Record excerpts:
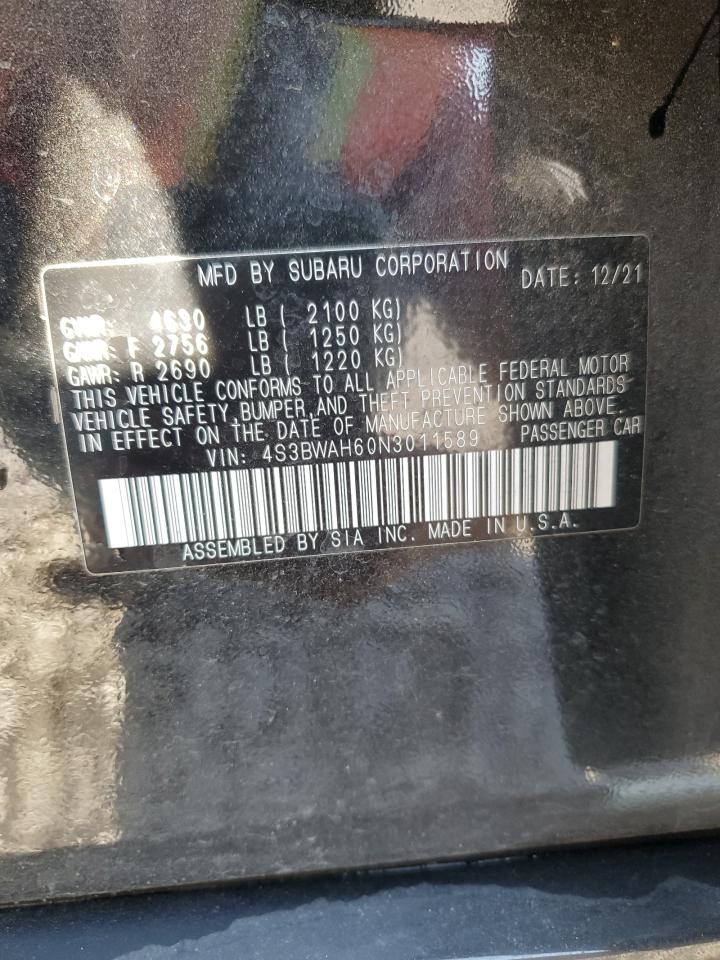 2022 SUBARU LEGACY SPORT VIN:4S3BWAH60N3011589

* * *

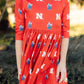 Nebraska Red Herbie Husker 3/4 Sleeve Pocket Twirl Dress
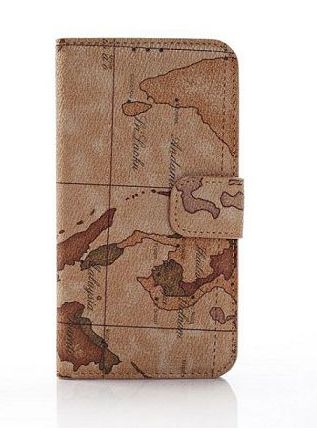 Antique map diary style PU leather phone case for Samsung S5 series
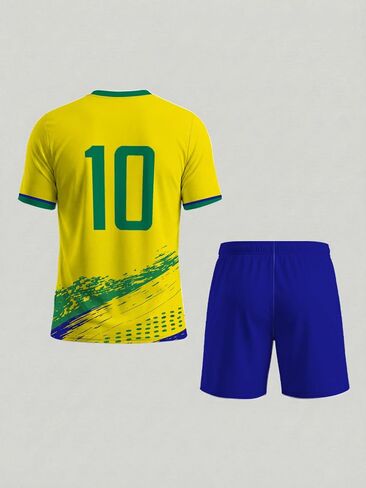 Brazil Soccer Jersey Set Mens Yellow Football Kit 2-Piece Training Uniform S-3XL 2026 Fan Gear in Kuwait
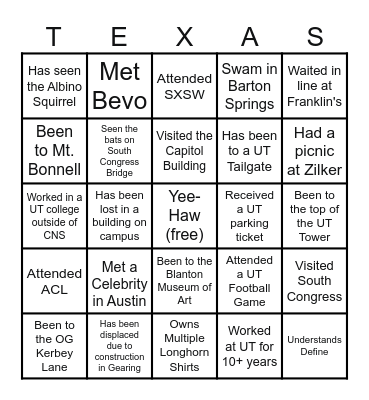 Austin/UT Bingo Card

--

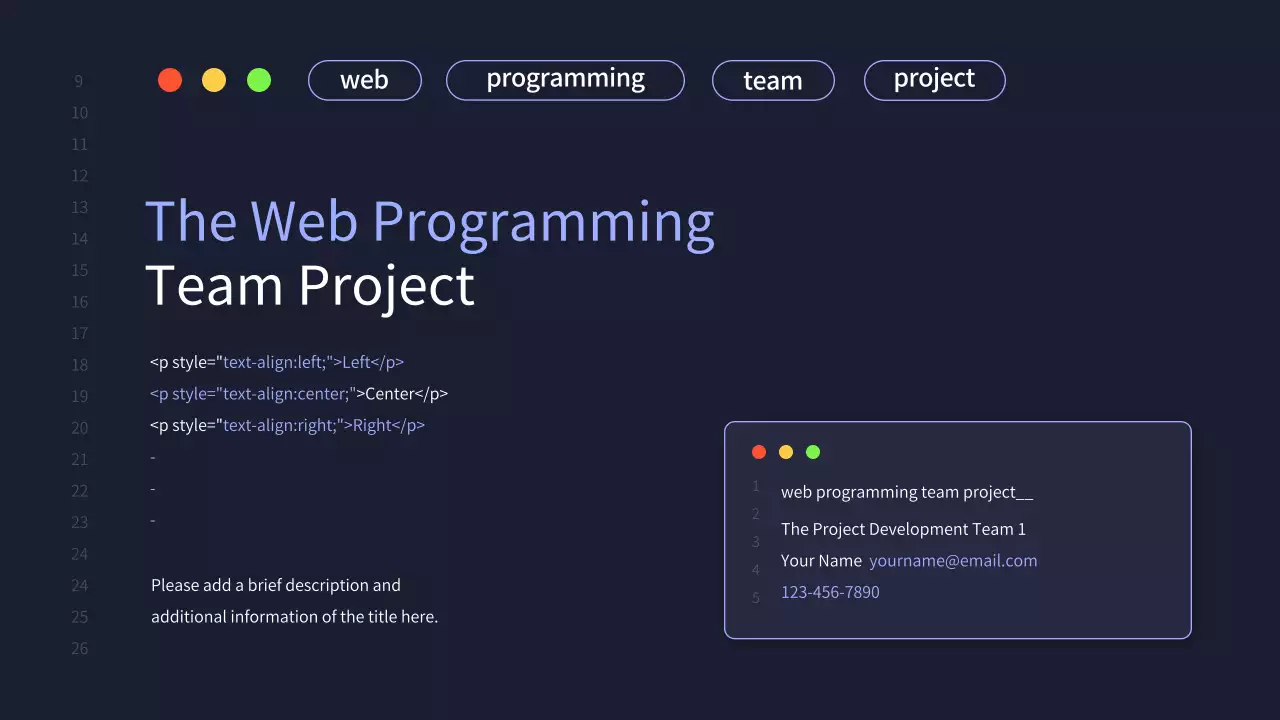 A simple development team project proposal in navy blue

Work item:
From the records above, copy exactly the lines starting at the one with "Nebraska Red Herbie" and ending at the one with "Austin/UT Bingo Card", and no others. Pictures stay out.

Solution to this exercise:
 Nebraska Red Herbie Husker 3/4 Sleeve Pocket Twirl Dress
 Antique map diary style PU leather phone case for Samsung S5 series
 Brazil Soccer Jersey Set Mens Yellow Football Kit 2-Piece Training Uniform S-3XL 2026 Fan Gear in Kuwait
 Austin/UT Bingo Card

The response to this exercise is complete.